He wondered why he was expecting attack. Zombies didn’t exist, the very idea was laughable.
Jackson didn’t laugh.
While he was a quiet and somewhat unassuming fellow Jackson was a big man. He’d love to be able to say he had the kind of physique that would make action stars green with envy he really, really didn’t. Instead he had a substantial gut and the soft, pudgy kind of outline that people who’ve worked long and hard in sedentary office jobs tended to get. His six foot three frame wore it better than a shorter man might but there was no mistaking that he could do with fewer potato chips and more long walks. He bore a pair of wire-rimmed spectacles perched on his nose that, ten years ago, he hadn’t needed. He wasn’t sure if age-related myopia was to blame, the computer screens he stared at for eight hours or more every day, or both. Either way he needed them now and he peered out through them at the strange road he found himself on.

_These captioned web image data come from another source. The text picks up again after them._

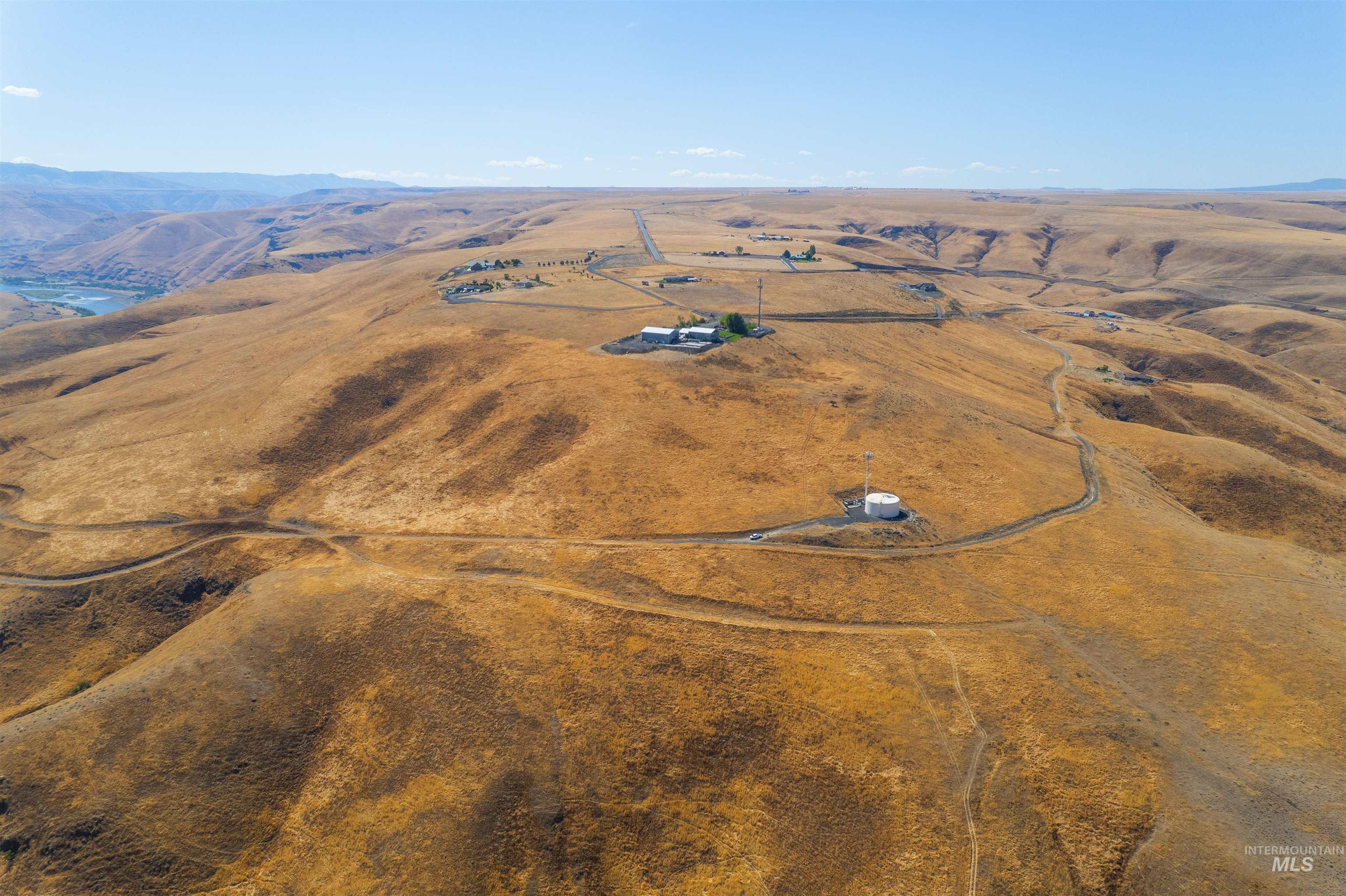 Overview of rural landscape featuring a mountain backdrop
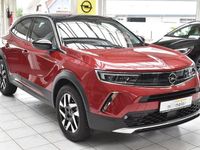Gebraucht Opel Mokka Elegance 131 PS (96 kW) 2021 Rot power rot met. SUV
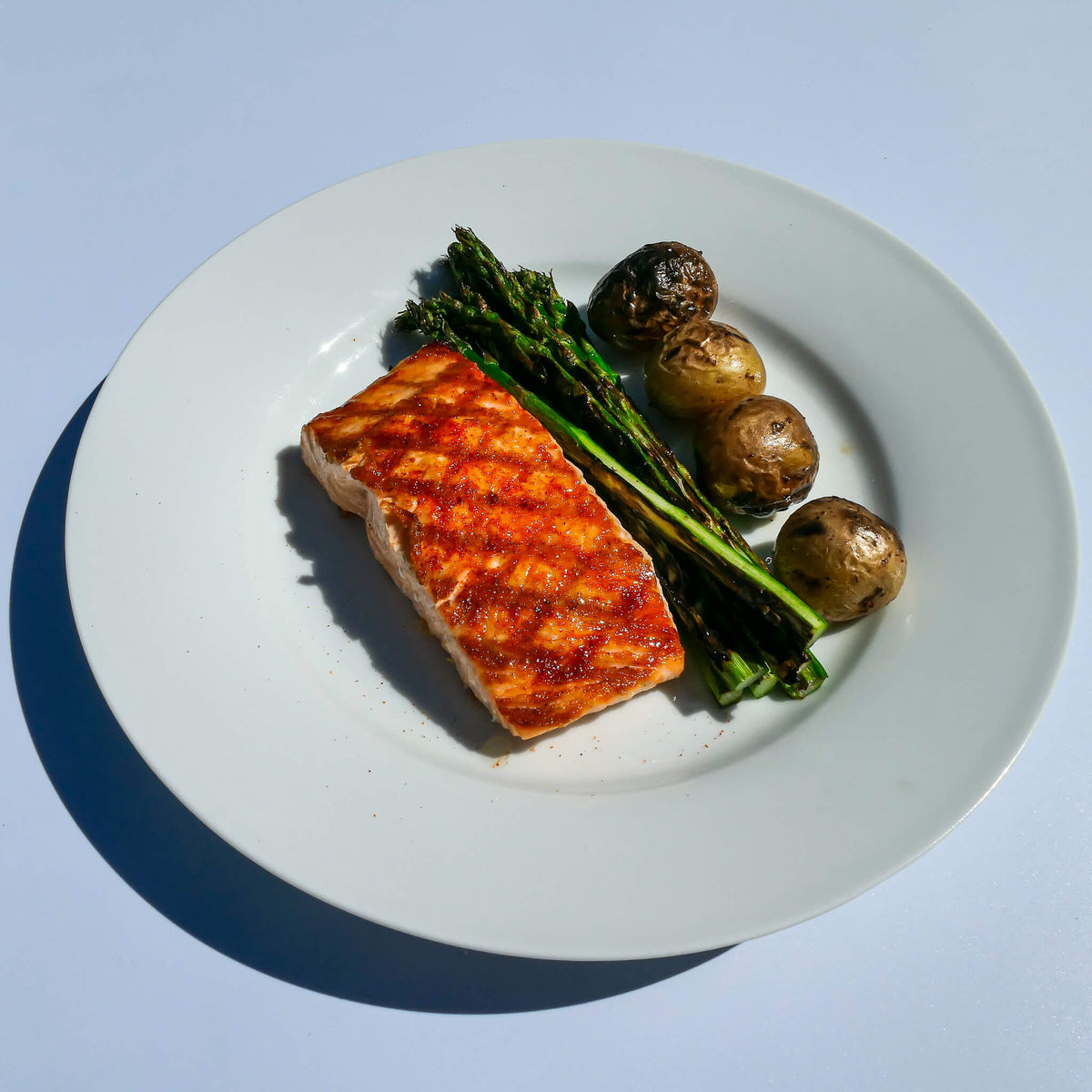 grilled salmon with asparagus and potatoes on a white plate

Had Paul dropped him here? He didn’t know. He couldn’t find his watch or his phone so he didn’t know what time it was; the leaden sky gave little hint as he looked up into it but he guessed it was probably late afternoon. It never occurred to him to wonder what day it was. He didn’t feel like he was in a hurry, though, and that settled his nerves a bit.
A tall hedge dominated the right side of the road, far too dense and high to see past, and a narrow strip of earth led to a high cliff face on the left. The occasional scream of gulls overhead and the sparse tough clumps of reeds grass poking through the sandy soil along the base of the cliff, though, combined with the salty tang of the air, let him know he was near the sea. He grumbled slightly and looked self-consciously down at his legs; he hated getting sand on the legs of his pants. It invariably got everywhere else with an almost malevolent will.

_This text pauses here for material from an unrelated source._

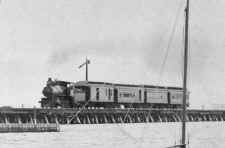 American_Type_Loco_and_Train_on_Trestle-Jamaica_Bay-c. 1900_(Keller).jpg (51387 bytes)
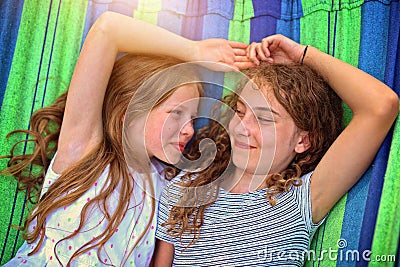 Friends are laughing on a hammock on a hot sunny day Stock Photo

Rounding a corner he realised he’d walked into an intersection. The sensible part of his brain silently chided the civil architect that put an intersection so close to a turn – dangerous roads and not a ‘Concealed Entrance’ sign to be found – but the rest of his mind was busy marvelling at the road that met the one he was walking along. He stopped and stared while the mist curled around his legs like an affectionate cat.
If the cobblestone road he’d been walking down was winter this new lane was spring.
Just as the gaunt claw-like trees lined the previous road like a row of gigantic zombies clawing their way up through the hard-packed, half-frozen earth, this new lane bore trees on either side – but a riot of red cherry blossoms. He was no horticulturist but he thought they were probably ornamental cherry trees; either way the contrast from the previous walkway was incredible. Deciding without real thought to change his direction he stepped onto the lane and felt the wind blow down from the… South? North? He had no idea. Wherever it was coming from it was warm, slightly damp, still bearing the salty tang of the sea.
The cherry-lined road was, he found to his surprise, no less oppressive than its cobbled fellow – but it was a different kind of oppression. Where the cobbled road had been stark and dead this place was like a sickly beating heart. The smell of stagnant water was here and there, while the cherry blossom petals that drifted down silently seemed to cling, slightly sticky, to his face as he walked. That sensation of being watched hadn’t eased off either – and now it felt somehow angry.
Jackson told himself he was imagining it. Clearly he was. He must be. Certainly the place was hauntingly familiar, like a place visited in a dream and then forgotten for years, but he hadn’t seen a hint of any life along the streets. There weren’t even houses beyond the cherry trees, just light woodland and the cloying mist that seemed to suck at everything it touched and foiled his vision in those woods. He fancied it was slightly yellowish and it seemed to follow him slowly, a hostile barely-substantial treacle the colour of watered-down piss.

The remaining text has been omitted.